Saturday, April 12, 2014

End of Part II



It's simply a feeling.  When I'm outside of the States I feel better - mentally, emotionally, maybe even physically.  I feel alive when I am in a foreign land.  All my senses are heightened.  It is discovery.  It is an education I could never get from a university.  I find it all, even the most ordinary things, inspiring.  I am fascinated by how people live.  Not in a scientific anthropological way.  That is for the academics.  It is the details of life.  That is what interests me.

It is not that I dislike my country.  But the US just doesn't move me anymore.  It's an old story, I know it.  I've spent at least 43 of my 45 years there.  It's not going to surprise or excite me at this point.  It is safe to assume, statistically, that I have lived more than half of my life.  Do I want to spend the next 30 or 40 years digging deeper into America?  The answer is no.  I've barely scuffed the rest of this great, blue marble called Earth.  There is a lot more out there.
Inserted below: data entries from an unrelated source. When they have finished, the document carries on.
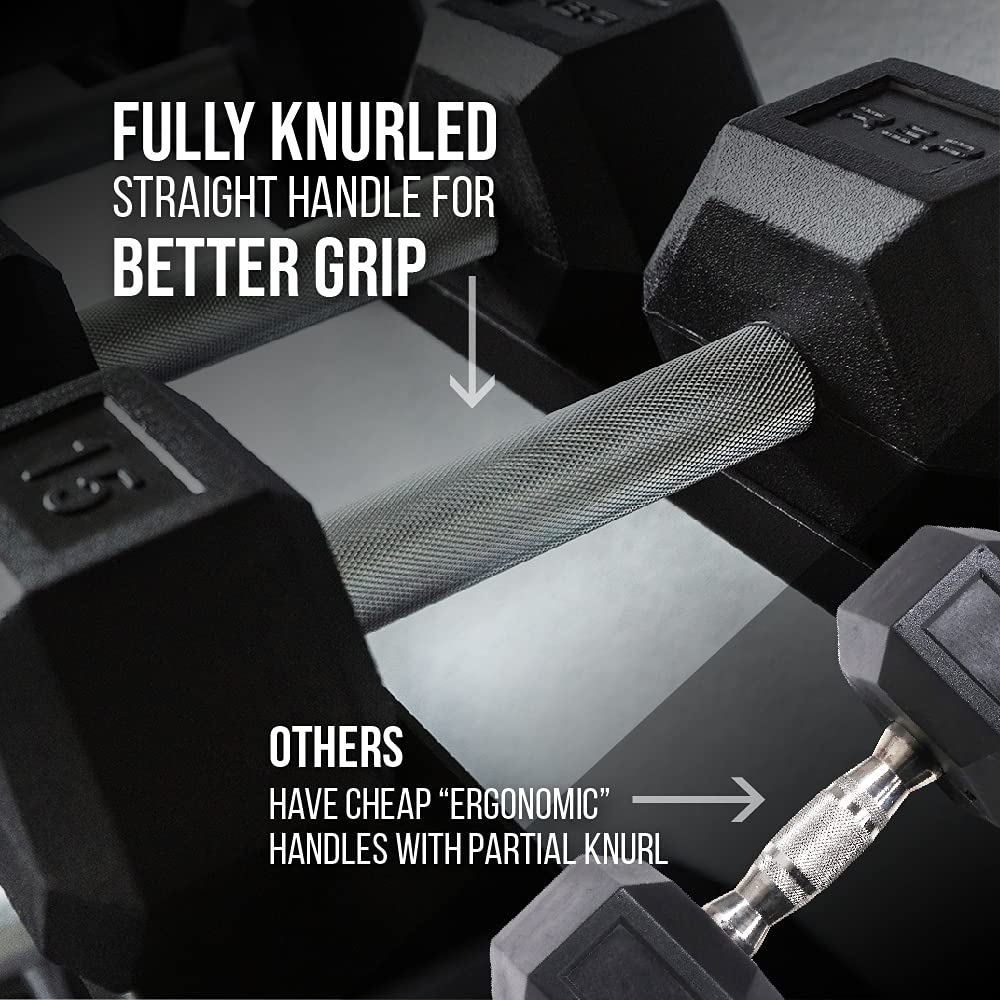 Rep 5-100 lb Rubber Hex Dumbbell Set with (2) 3-Tier Dumbbell Rack and Flat Bench FB-3000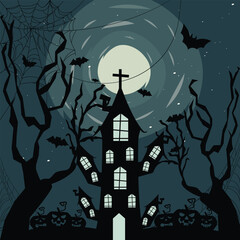 Aufkleber - Halloween Night And Scary Haunted House Background Vector Design.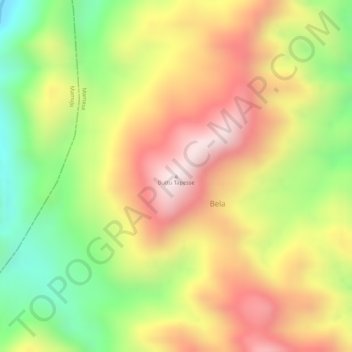 Mapa topográfico Buttu Tapesse, altitud, relieve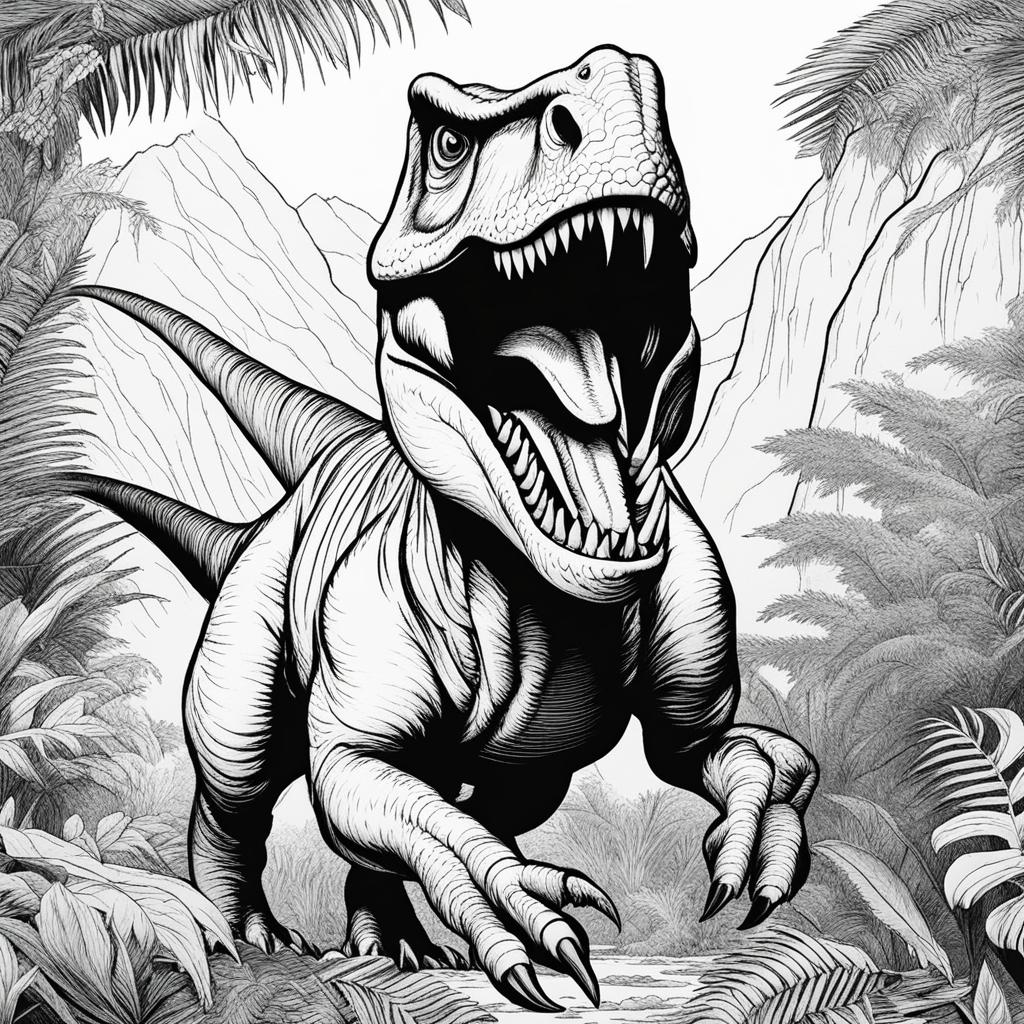 dinosaur coloring pages - a fearsome t-rex roars in a prehistoric jungle. 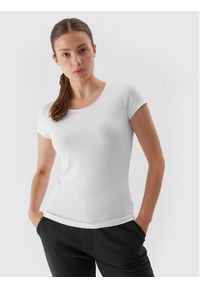 4f - 4F T-Shirt 4FAW23TTSHF0906 Biały Slim Fit. Kolor: biały. Materiał: bawełna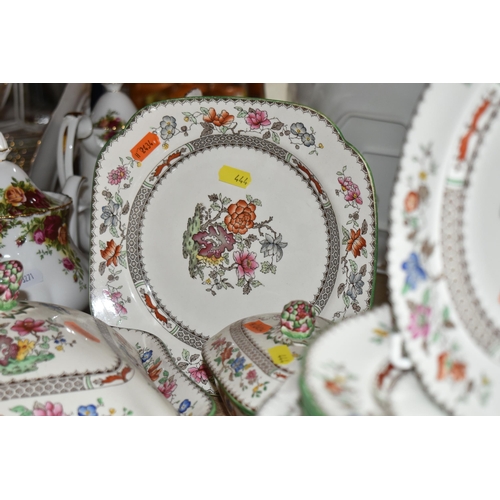 444 - A THIRTY NINE PIECE COPELAND SPODE CHINESE ROSE DINNER SET to include two square lidded tureens, an ... 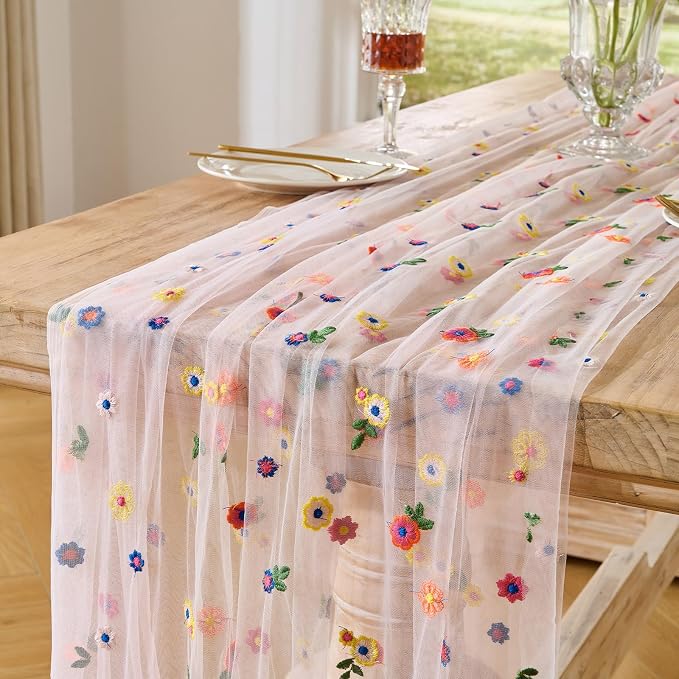 BINBE 12pcs Daisy Spring Table Runner Embroidery Gauze 10FT Florals Seasonal Tulle Holiday Birthday Kitchen Dining Table Decor for Home Party Pink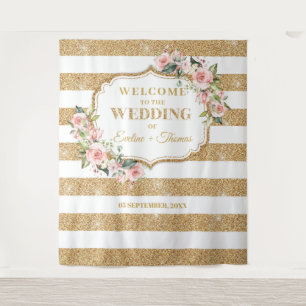 Tenture Boho Blush rose roses or parties scintillant rayur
So why Kyoto?  Like so many Japanese things it is difficult to explain.  But I feel a connection.  Week after week, month after month in Kyoto I found more and more in common with the Japanese.  Habits, a certain aesthetic, an approach to life.  The way I do things, things I've done since I was an adolescent, I discovered were the same as the Japanese.  I would have regular "ah-yes-of-course" moments, when I would suddenly understand, and realize at the same time that I always knew.  My short answer to that question is: I simply like the Japanese way.  I smile a lot in Kyoto.
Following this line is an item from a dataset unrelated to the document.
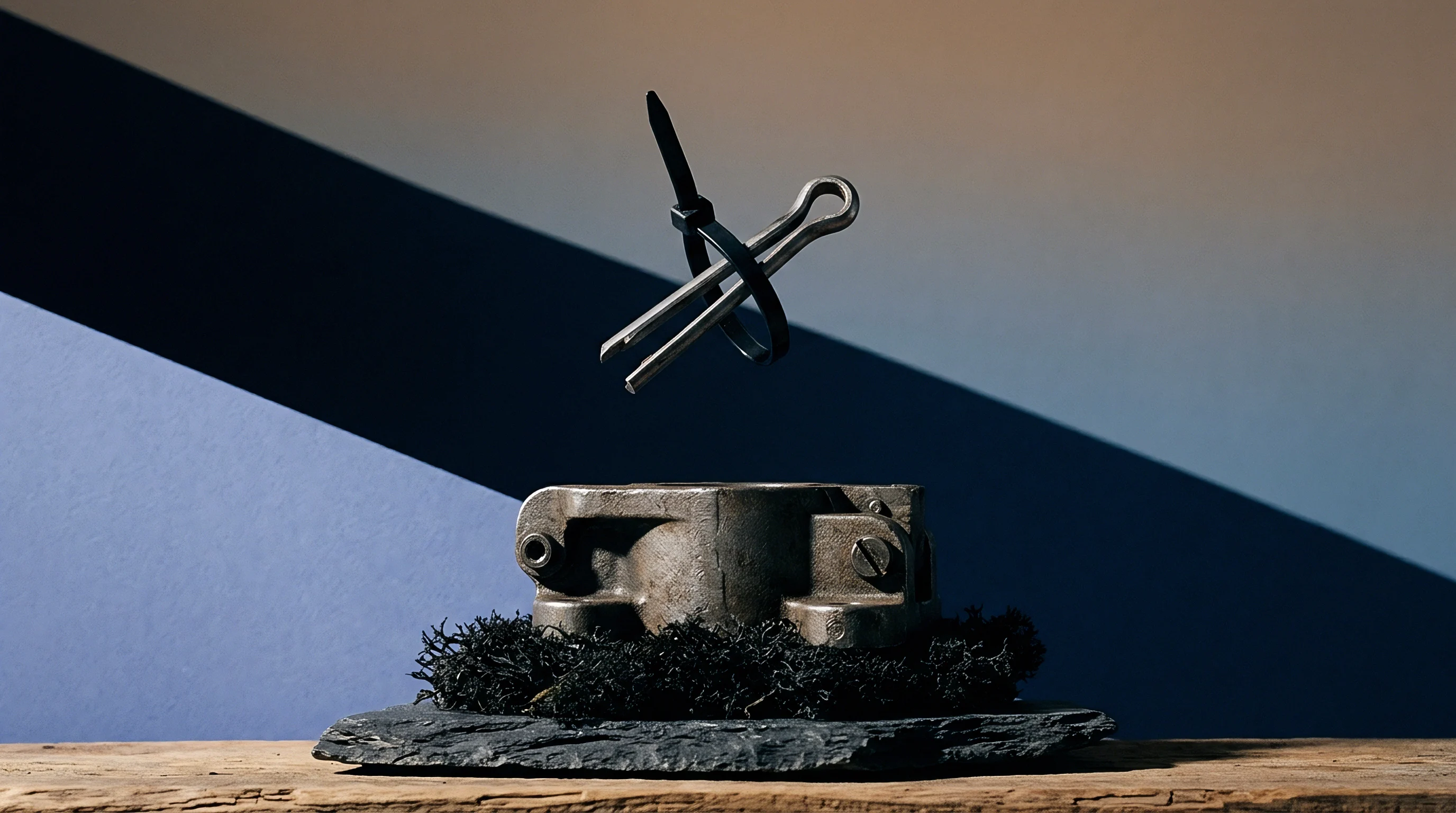 Suspended steel fasteners and a polymer tie hover above a machined metal housing mounted on textured slate inside a modular workshop studio.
I'm not trying to be Japanese.  As anyone that knows me can attest, I've always been more oriented towards Europe.  Since my first trip to Germany when I was 12-years-old I've been  captivated by European culture.  Japan was certainly on my radar of places I wanted to go, but I visited London, Paris, Berlin and Milan dozens of times before I ever thought to go to the Land of the Rising Sun.

Is it possible to face the wrong direction for 30 years?  To look for oneself in the wrong place?  I've always maintained that you can't know the place you grew up in, or the place where you are currently living is the best until you have lived elsewhere.  How can you say, "New York is the best city in the world"?  Or Boise or Gstaad or Johannesburg or Buenos Aires or Shanghai?  Without traveling, without living somewhere else it is empty, jingoist braggadocio.  There is a whole giant world beyond your backyard.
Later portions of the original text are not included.